Action item -> The expected output is each line from the one containing "Sea Turtle Cushion" to the last line of the data below, set down exactly, minus the pictures.

Data segment ->
════════════════════

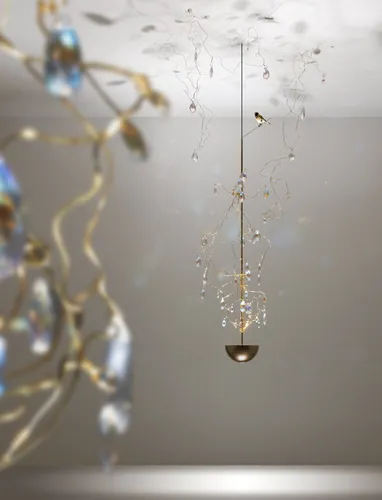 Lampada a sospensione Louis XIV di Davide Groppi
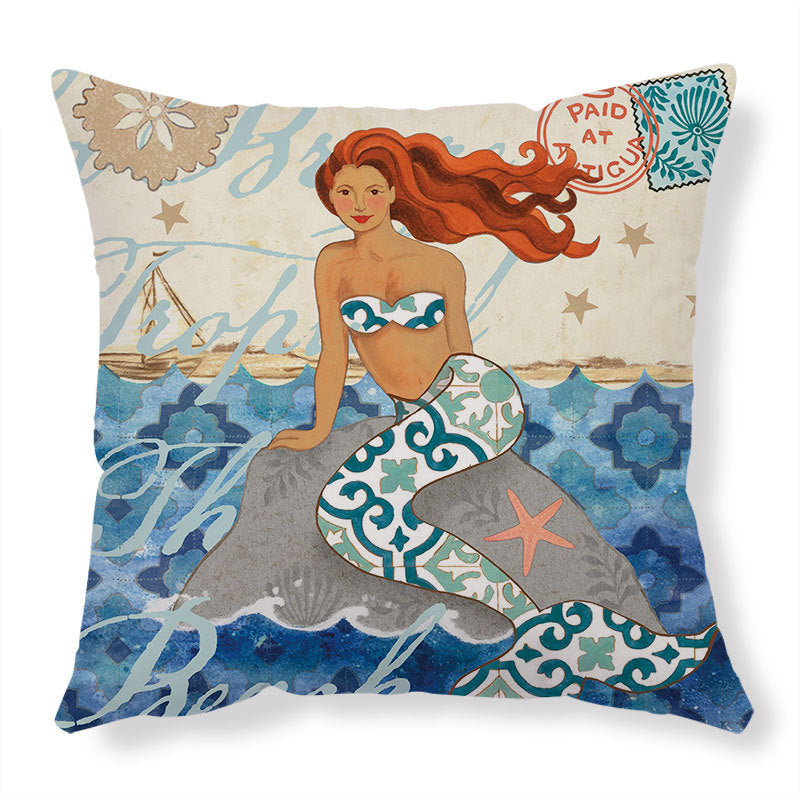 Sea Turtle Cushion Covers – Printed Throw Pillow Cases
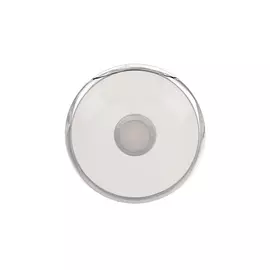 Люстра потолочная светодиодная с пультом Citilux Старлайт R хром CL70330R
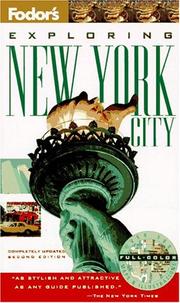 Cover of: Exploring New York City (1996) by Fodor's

════════════════════

Answer space ->
 Sea Turtle Cushion Covers – Printed Throw Pillow Cases
 Люстра потолочная светодиодная с пультом Citilux Старлайт R хром CL70330R
 Cover of: Exploring New York City (1996) by Fodor's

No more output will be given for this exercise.